Remember, that’s not really what this thread’s about. It’s about conservative disenchantment with the GOP field to date, so it’s about the political space in the GOP. And it’s especially about the more conservative side of that space.
With that in mind, I think your list is way off.
Low taxes, yes. But concern for deficits has mostly been a lip-service thing (or a rhetorical bludgeon to hamstring Dem initiatives) since Anderson left the party in 1980. The ‘responsible’ wing of the party is a minority.

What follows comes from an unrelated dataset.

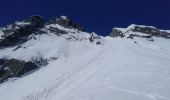 Excursión Esquí de fondo Saint-Rémy-de-Maurienne - col de la Valette - Photo 3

I don’t see this either. The grassroots GOP seem to view foreign policy mostly as a bar fight. If it doesn’t work out that we can win by bloodying the other guy’s nose (like in Iraq), then the response will be either (a) we need more freedom to punch more people in the nose (even if they’re the ones we came to rescue), or (b) let’s forget about this fight, and move on to the next one; surely we can win that one by punching the other guy in the nose.
In some other world where the sky is green, perhaps.
The religious conservatives love big-government conservatism. They want to outlaw abortion and hamstring birth control all across the U.S.A. They were the ones who wanted to slap “In God We Trust” on every school.
Maybe the sky is yellow in this world.
I don’t think the more conservative wing of the GOP is worried much about this. They just want their causes promoted; they’ll believe Ann Coulter and Glenn Beck are underrated intellectuals if they need to think they’re smart.
That’s the money base. The voting base can get as protectionist as anybody. (Nothing like living in South Carolina for five years to bring this home. If they still have a textile industry, they want it protected. If not, they wanted it protected while they still had one.)
Some are, some aren’t. Many are continually very afraid of the newest technology because it’s a new way for Hollywood and pornographers to corrupt their kids that they have no idea what to do about.
I think this is a damned if you do, damned if you don’t issue for conservatives: do you piss off the more conservative half of the party - your base - or do you piss off most of the country?
Because she wasn’t regarded as a true conservative.
I don’t see that.
Again, they’re outnumbered.
No. A number of already-dissatisfied commentators have tried to paint him as a librul because he spends, but that’s about the extent of it. If he wasn’t an all-around fuckup, few on the right would be bothered by his spending.
I think this supports the bar-fight view of how the conservative rank-and-file (hell, plenty of conservative bloggers and third-rate pundits too) view foreign policy.
They should vote Dem.
Which explains why conservatives are dinosaurs: they’ve got no clue. The enemy in our current war swung at the bottom of a rope a few weeks back. Now our problem is with all those people we came to rescue. The words don’t match up with reality.
Bullshit. For my entire lifetime, American conservatives have always been more bellicose, ready to fight whether it was clear it was necessary, wise, or whatever.
They’re called ‘Democrats.’
Not really. Reagan wouldn’t be bellicose enough nowadays. He wouldn’t be religious enough, and all those religious wingnut causes wouldn’t really mean that much to him. The party may genuflect to his memory, but conservatism has moved on past where he was. If he were around today, the ‘true’ conservatives would regard him as a bit of a RINO.
Newt! Newt! Newt!
(OK, I’ll stop, you’re right, totally uncalled for…)
Dunno about successful, but that’s a damn good platform, Sam.
I’d still be a Dem if that was the GOP platform, but I wouldn’t feel that the fate of the Republic - and perhaps the world - was at risk if such a party were in charge.
I mean, it sounds like a mapping of the GOP ca. 1970 onto today’s political landscape. That party could actually be entrusted to run a hot-dog stand.